Alex Padilla, U.S. Senate
I am honored to be appointed by Governor Newsom to serve as California’s next United States Senator.
I’m the proud son of immigrants. My parents met as immigrants from Mexico — they fell in love, got married, and applied for green cards, ready to embrace a country that valued hard work and opportunity.
That’s something they instilled in me, from my father working his way up from a dishwasher to head cook at a local diner with only an elementary school education (he liked to boast that his kitchen “never failed an inspection”), to my mother working tirelessly as a housekeeper for affluent families.
We grew up in a tough neighborhood — sirens and gunfire were a constant, but we were grateful for what we had, including a backyard. But it was just those conditions that got me active in political activism: As a teenager, I helped organize neighbors to take back the streets from crime and joined protests with my mother against environmental racism. And in 1994, after California voters passed a sweeping anti-immigration ballot initiative, I put aside a job in engineering to dedicate my life to public service.
I took my opportunity and I turned it into the backbone of my fight every single day for California families.

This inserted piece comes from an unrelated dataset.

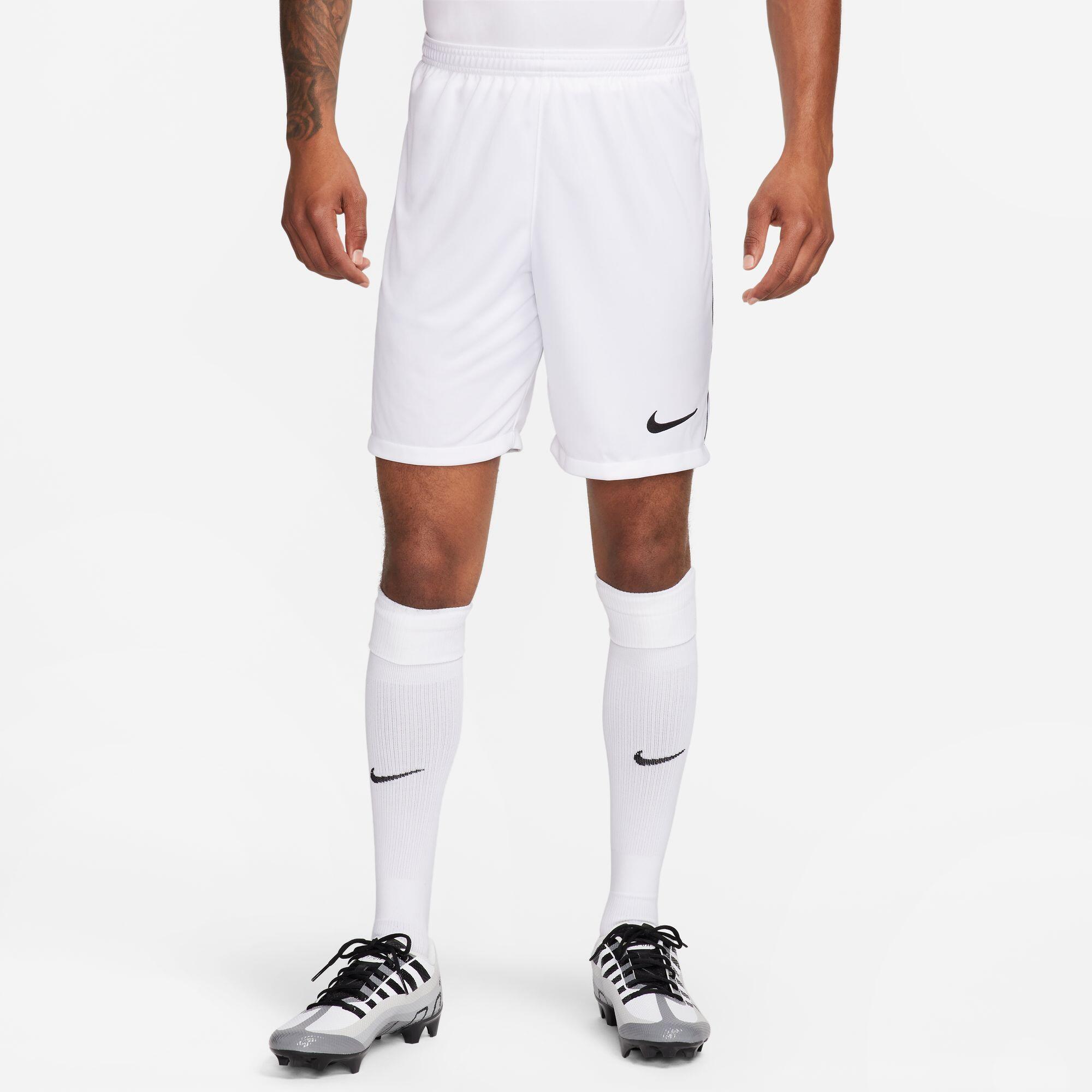 Krótki Mężczyzna Nike League Knit III biały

It led to my election as the youngest Los Angeles Council President in LA history. It’s what stoked the fire to bring after-school programs and libraries to communities that had none. It’s why I passed more than 70 bills as a California state senator to fight climate change, expand educational opportunities, protect health care, and demand gun safety. That opportunity is what I remembered when I fought back against Donald Trump’s attacks on immigrants and voting rights as California Secretary of State — all while registering a record-breaking 22 million voters.
Now, I’m excited to do the same as California’s next senator — to keep on fighting, to keep on building on that opportunity. I still live less than five miles from the home I grew up in, and I’m still fighting for the same progress I was as an upstart teenager in Pacoima.
There’s so much to do, there’s so much to achieve — but I know we can do it together, with our families and our communities by our side. That’s how I’ve made progress since I was a kid, and I know that’s how we’ll make progress as a state and as a nation.